• Task statement
Your output is to hold only the lines from the one showing "DecoBasics hinges with" through the end of the listing, exactly, with every picture excluded.

• Information supplied
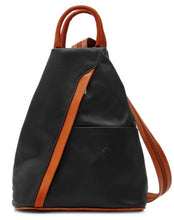 Load image into Gallery viewer, PAMELA Italian soft leather medium sized backpack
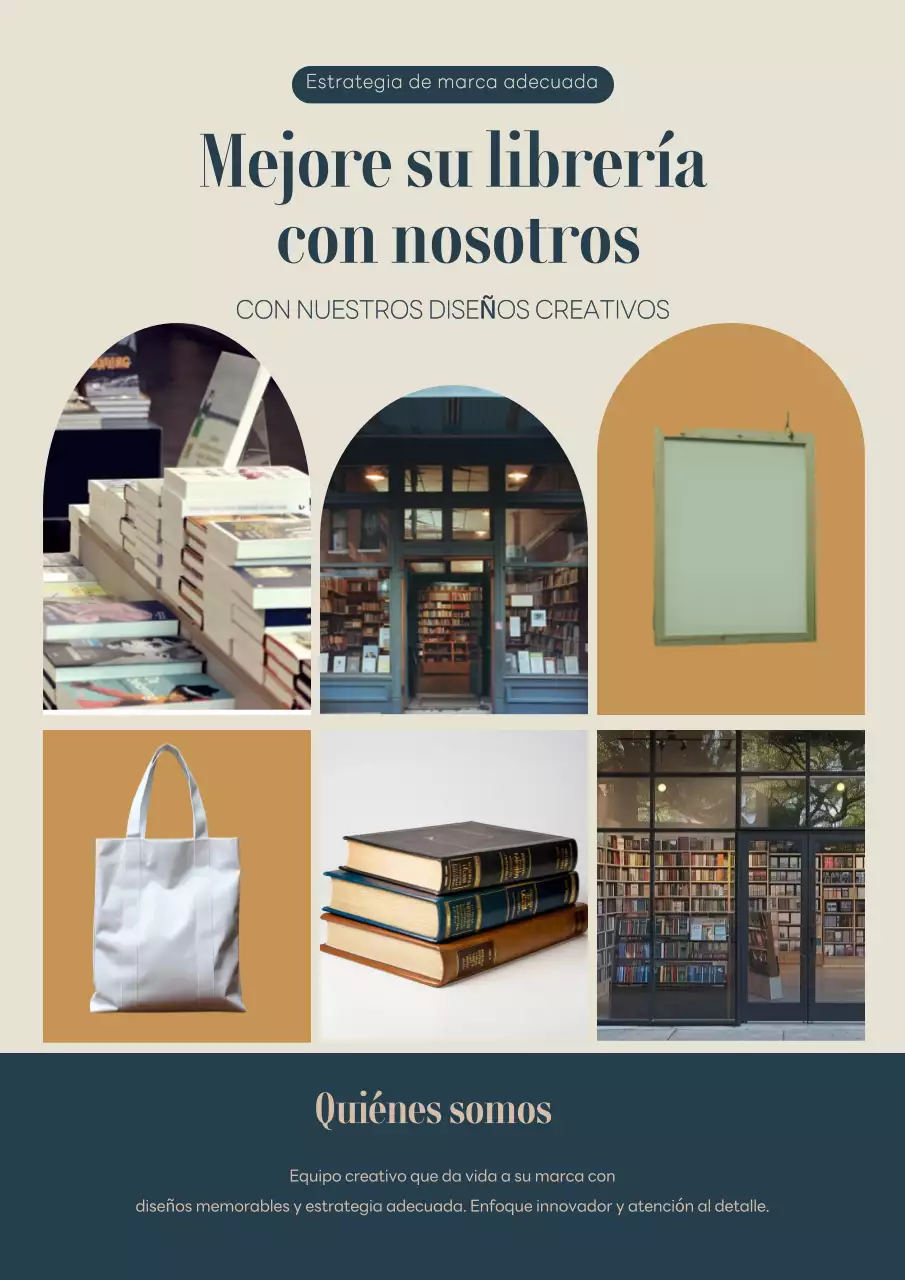 Anuncio Librería Moderna Beige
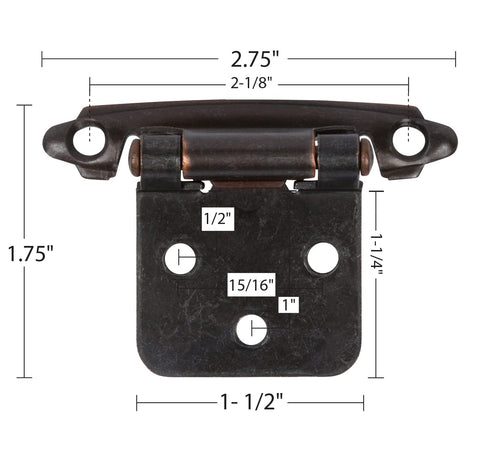DecoBasics hinges with silicone bumpers cushion closure and reduce noise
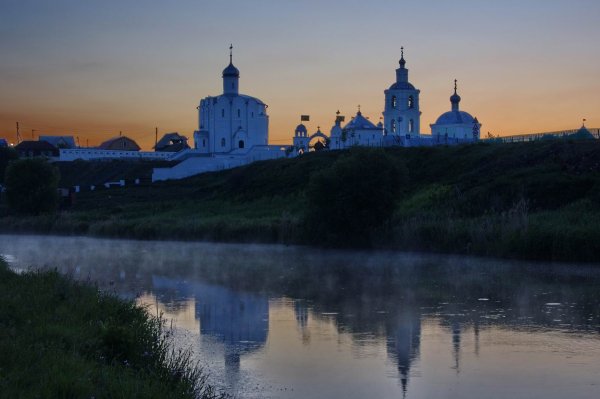 Ночной зимний Ульяновск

• Expected answer
DecoBasics hinges with silicone bumpers cushion closure and reduce noise
 Ночной зимний Ульяновск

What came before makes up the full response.